Ahli Hukum Sebut Group Astra Agro Lestari Terbukti Langgar Hukum Serobot Lahan Masyarakat di Sulbar

Ahli Hukum Sebut Group Astra Agro Lestari Terbukti Langgar Hukum Serobot Lahan Masyarakat di Sulbar
Kantor PT Pasangkayu, Astra AGro Lestari Group di Kabupaten Pasangkayu Sulawesi Barat

ZONASATUNEWS.COM, JAKARTA – Ahli Hukum Jakarta Andi Syamsul Bahri, SH, menilai Group Astra Agro Lestari (AAL) terutama anak usahanya PT Pasangkayu terbukti melanggar hukum dengan melakukan penyerobotan lahan masyarakat di Kabupaten Pasangkayu, Sulawesi Barat, seluas 748 Hektar.

Penyerobotan itu terjadi saat pelepasan lahan hutan pada tahun 1990, untuk dijadikan perkebunan kelapa sawit. Lahan yang telah diokupasi atau dikuasai oleh masyarakat setempat, sesuai aturan Menteri Kehutanan saat itu, seharusnya tidak termasuk yang dilepaskan.

Andi Syamsul Bahri, SH, Ahli Hukum dan Pengacara

Andi Syamsul Bahri menilai, perusahaan Astra Group (PT Pasangkayu) sebenarya telah menyadari kesalahannya. Terbukti pada tahun 2012 pihak perusahaan sudah berjanji untuk mengembalikan lahan tersebut. Apalagi, kata Syamsul, pihak perusahaan telah membuat surat tertulis.

“Masyarakat sudah mengalah bertahun-tahun. Sudah 33 tahun (1990-2023) lahannya diserobot ditanami kelapa sawit. Selama itu perusahaan sudah menikmati hasilnya. Sementara masyarakat tidak mendapatkan apa-apa. Perusahaan harus segera mengembalikan lahan tersebut,” kata Syamsul.

Sebenarnya sudah ada niat baik, kata Syamsul, pada tahun 2012 pihak perusahaan sudah bersedia mengembalikan. Sayangnya, niat baik itu tidak dilaksanakan. Perusahaan sudah membuat janji tertulis.

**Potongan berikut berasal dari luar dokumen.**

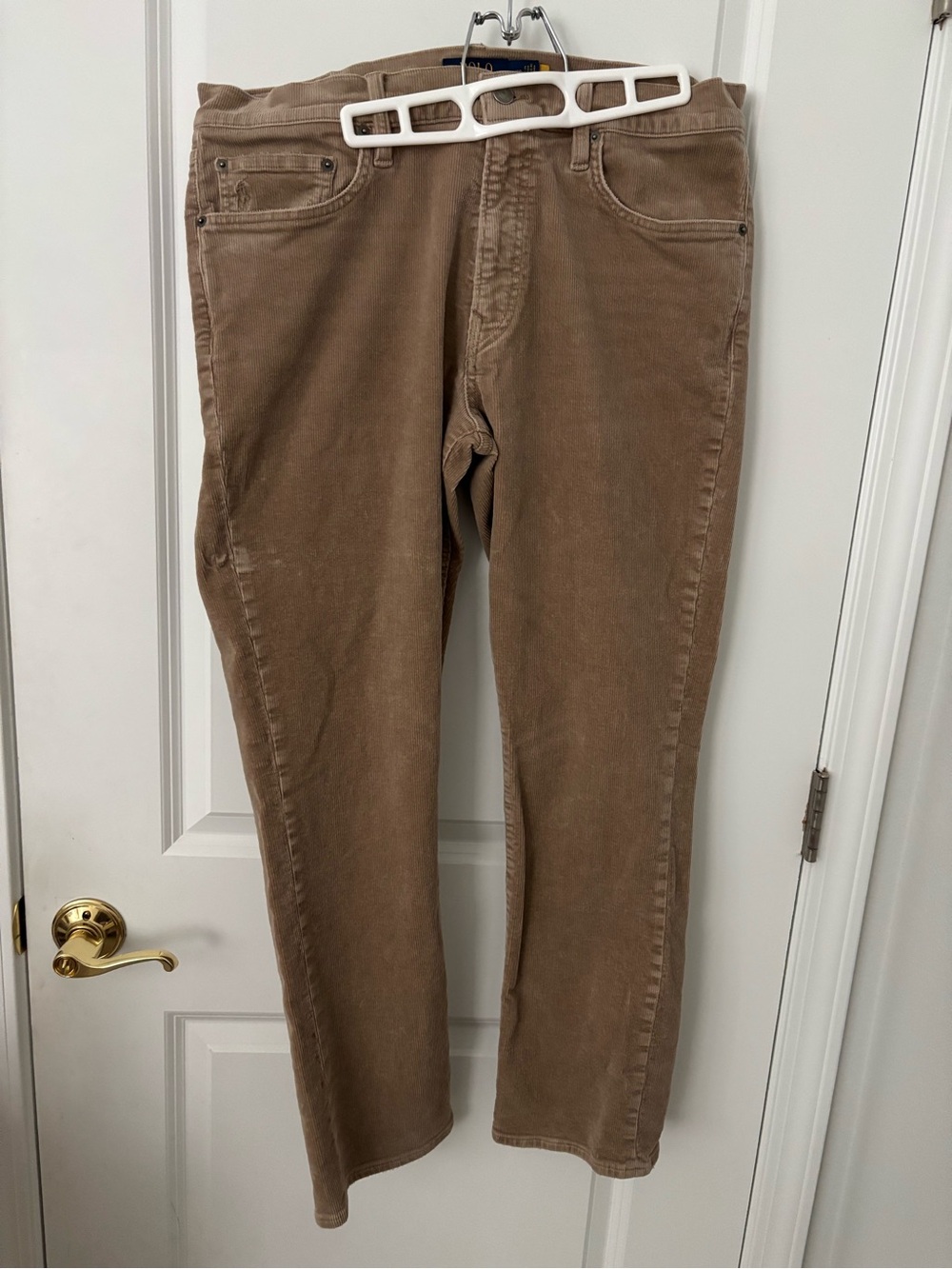 Polo Ralph Lauren Logo Tan Khaki Corduroy Varick Slim Straight Pants 34/30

“Mengapa tidak diekskusi lahan itu. Justru tampak membiarkan saja. Saya menghimbau, pihak Astra Group, khususnya PT Pasangkayu, untuk segera merealisasi janjinya untuk mengembalikan lahan tersebut,” tegas Syamsul.

Menurut Syamsul, perusahaan harusnya bisa memberi manfaat kepada masyarakat sekitarnya. Karena dia memiliki tanggung-jawab terhadap lingkungan.

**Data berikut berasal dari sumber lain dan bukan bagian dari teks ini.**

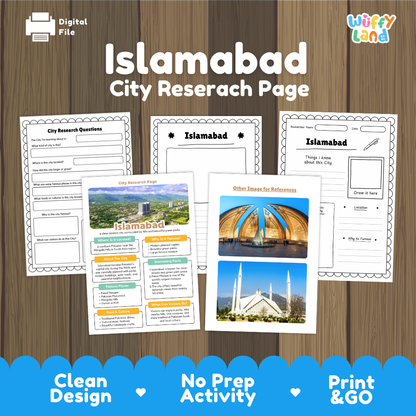 Islamabad City Research Page Worksheets and Fact Sheet Activity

“Tetapi ini saya lihat kehadiran AAL justru merugikan masyarakat disana. Lahan tempat masyarakat mencari hidup diserobot. Itupun masyarakat masih bisa sabar dan bertahan. Kebaikan hati masyarakat seperti ini harus dihargai, dan dihormati. Tapi saya khawatir, karena sudah terlalu lama, menjadikan masyarakat tidak sabar lagi untuk menunggu. Lalu masyarakat bergerak dengan caranya sendiri. Janganlah. Jangan menunggu kesabaran masyarakat habis. Jalan terbaik adalah penuhi janjinya, segera kembalikan lahan itu kepada masyarakat. Biarlah lahan itu digarap masyarakat untuk tumpuan hidup keluarganya,” ungkap Syamsul.

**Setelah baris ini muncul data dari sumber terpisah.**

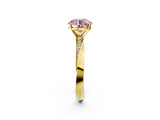 Yellow gold Fancy Pink Round Cut Diamond Engagement Ring with Side Stone Accents and Four-Prong Setting_14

Cara-cara persuasif sebaiknya ditempuh oleh pihak AAL/PT Pasangkayu. Syamsul menghimbau perusahaan tidak menempuh cara-cara kekerasan, seperti intimidasi, ancaman, atau teror.

“Cara-cara seperti itu sudah saatnya ditinggalkan. Karena akan membuat hubungan perusahaan dan masyarakat menjadi tidak harmonis. Perusahaan besar seperti AAL, pasti mengetahui, cara-cara kekerasan dalam segala bentuknya, pada akhirnya hanya akan membentuk citra negatif. Dalam era digital seperti saat ini, mudah sekali citra negataif itu menyebar dan akan memberikan dampak negatif bagi perusahaan dan produk turuannya,” kata Syamsul.

Apalagi, kata Syamsul, dunia internasional sedang giat mengembangkan “Etika Lingkungan”. Sebuah produk, misalnya, kelapa sawit dipastikan dalam semua lini prosesnya produksinya tidak ada yang melanggar atau merusak lingkungan.

Baca Juga:

“Termasuk tidak melanggar UU, dan tidak merugikan kepentingan masyarakat sekitarnya,” ucapnya.

“Sekali lagi, saya menghimbau kepada pihak AAL dan PT Pasangkayu untuk segera memenuhi kewajibannya mengembalikan lahan yang telah dikuasai itu,” tegas Syamsul.